Matthes und Seitz Berlin, 260 S., 22 Euro,
erscheint am 1. Februar 2024
Mögliche Strategie für weniger Ressentiments
Den Kulturschock eines Kontakts abzumildern, könnte höchstens in der Strategie bestehen, die Information über eine mögliche außerirdische Technologie auf der Erde, wenn es sie gibt, schrittweise über Jahre oder Jahrzehnte hinweg zu veröffentlichen. Handfeste Beweise hat der Whistleblower David Grusch für seine Behauptungen zwar bisher nicht vorgelegt. Er begründet das mit strenger Geheimhaltung und der Gefährdung der nationalen Sicherheit. Doch obwohl seine Aussagen nur auf Hörensagen beruhen, ist dadurch der Druck auf die Politiker*innen in Washington, D. C. inzwischen enorm gestiegen: Der National Defense Authorization Act für das Jahr 2024 sieht die Offenlegung bisher streng geheimer UAP-Dokumente vor.
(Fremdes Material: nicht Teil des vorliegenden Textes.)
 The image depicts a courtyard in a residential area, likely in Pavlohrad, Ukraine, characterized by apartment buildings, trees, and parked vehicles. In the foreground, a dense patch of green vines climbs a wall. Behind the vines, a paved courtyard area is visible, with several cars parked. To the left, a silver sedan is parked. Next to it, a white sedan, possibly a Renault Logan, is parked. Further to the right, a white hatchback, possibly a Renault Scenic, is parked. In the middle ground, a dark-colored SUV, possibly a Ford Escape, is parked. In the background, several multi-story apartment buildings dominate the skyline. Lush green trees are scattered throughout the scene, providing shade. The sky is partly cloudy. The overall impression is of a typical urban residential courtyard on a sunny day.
Auch wenn sich David Gruschs Behauptungen sehr wahrscheinlich als unsinnig herausstellen, könnten die freigegebenen geheimen Regierungsdokumente belegen, dass UAP außerirdische Sonden sind. Der unbedachte politische Druck aus Washington, D. C. könnte demnach dafür sorgen, dass wir durch einen Kontakt in eine regelrechte kosmische Krise stürzen. Wir wären darauf nicht vorbereitet.
Daniel Gerritzen
Daniel Gerritzen ist Wissenschaftsjournalist, Autor und Mitbegründer des Forschungsnetzwerks Extraterrestrische Intelligenz, dem Wissenschaftler*innen unterschiedlichster Disziplinen angehören und das zum Ziel hat, die Risiken eines Erstkontakts mit außerirdischen Intelligenzen zu erforschen.